Senator Cornyn continues to put out a question of the day for Judge Sotomayor in anticipation of the hearing to begin next week. The following question was put out yesterday – my apologies for the late posting – but it is particularly important given recent judicial interference with punishments chosen by the people through the democratic process… for example, overturning the death penalty for child rapists.
Sen. Cornyn’s Daily Question for Judge Sotomayor
Question 16: Monday, July 6, 2009
Should the Constitution be interpreted to allow the death penalty, and if so, under what limitations?
Explanation: The text of the Constitution indicates that the Framers of the Constitution specifically understood the Constitution to permit capital punishment. The Fifth Amendment requires a grand jury indictment to charge a person with “a capital, or otherwise infamous crime,” and it also prohibits deprivation of “life” without due process of law. The constitutional text, as well as the widespread use of capital punishment in the 18th Century, suggests that the scope of criminal punishment and the choice of whether to have a death penalty was designed to be a matter primarily for the elected branches rather than the courts.
In recent years, however, some Supreme Court Justices have decided that the Constitution should be read as not allowing governments to have capital punishment. Further, some Justices have used their positions on the Court to chip away at the death penalty, limiting its use to particular crimes, particular defendants, and particular trial procedures. See, e.g., Kennedy v.

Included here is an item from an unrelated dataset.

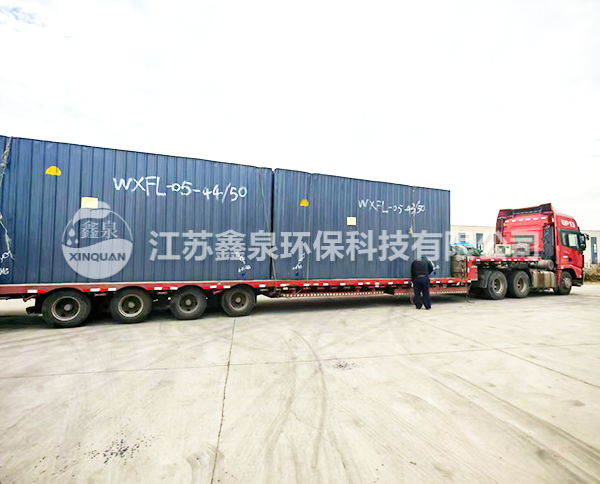 有机硅袋笼出口发货现场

Louisiana, 128 S. Ct. 2641 (2008) (prohibiting the death penalty for child rape); Roper v. Simmons, 542 U.S. 551 (2005) (prohibiting the death penalty for crimes committed by a person not yet 18 years old); Wiggins v. Smith, 539 U.S. 510 (2003) (overturning death penalty conviction for insufficient investigation into mitigating evidence at sentencing).

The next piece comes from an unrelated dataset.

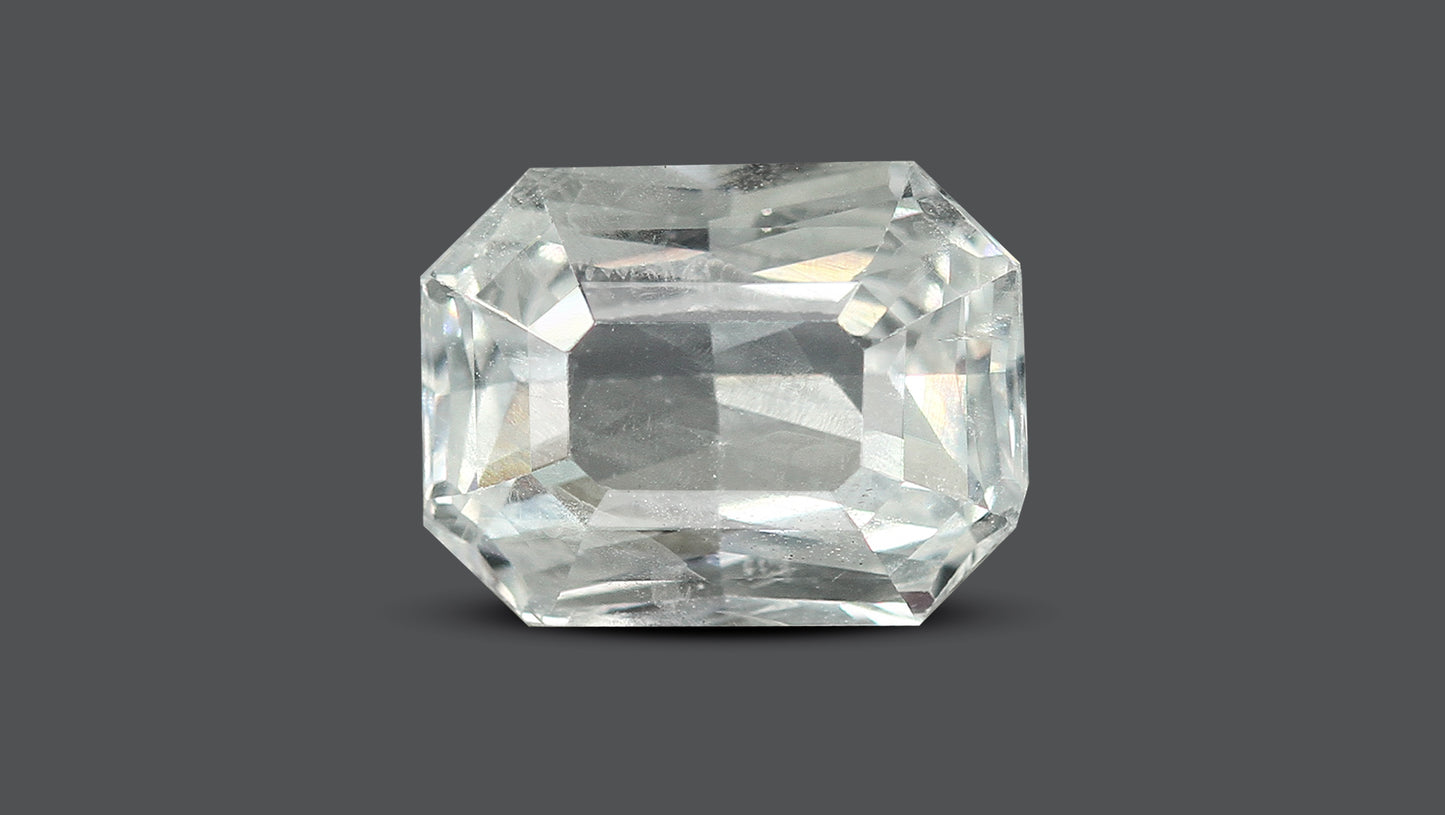 Natural White Sapphire 8.67 Carats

Judge Sotomayor’s record on capital punishment is sparse, but it suggests that she may be a proponent of a broad judicial role in its regulation or prohibition. In 1998, Judge Sotomayor faced a capital case as a trial judge. Although she had no authority as a district court judge to strike down the death penalty on grounds that the Supreme Court had already upheld, she nonetheless ordered briefing and held three pretrial hearings on whether the death penalty was constitutional. Judge Sotomayor did not formally rule on the issue because she was elevated to the Second Circuit Court of Appeals before a ruling was required. According to The New York Times, however, Judge Sotomayor expressed serious concerns about the constitutionality of the death penalty but stated that it was up to the Supreme Court to resolve those concerns. See Benjamin Weiser, In ’98, Hints from Sotomayor on Death Penalty, New York Times, June 24, 2009.
The concerns that Judge Sotomayor expressed in 1998 echo a 1981 statement about the death penalty that she signed when she served on the Board of Directors of the Puerto Rican Legal Defense and Education Fund. The 1981 statement opposed the death penalty on several grounds, including a purported connection between capital punishment and “racism in our society.”

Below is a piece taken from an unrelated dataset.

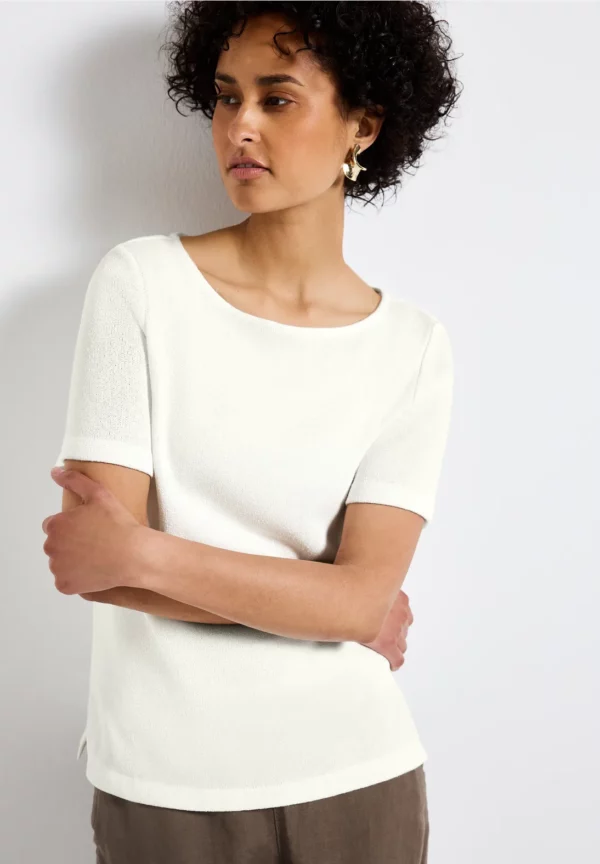 T-shirt à l'aspect tricoté – Image 2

Judge Sotomayor has now been nominated to a seat on the U.S. Supreme Court, and her new position will give her a critical vote on the legality of capital punishment. Judge Sotomayor’s record suggests that she may agree with those who would prohibit or sharply limit the availability of capital punishment through the courts. I hope the upcoming hearing will give Judge Sotomayor the opportunity to clarify her views.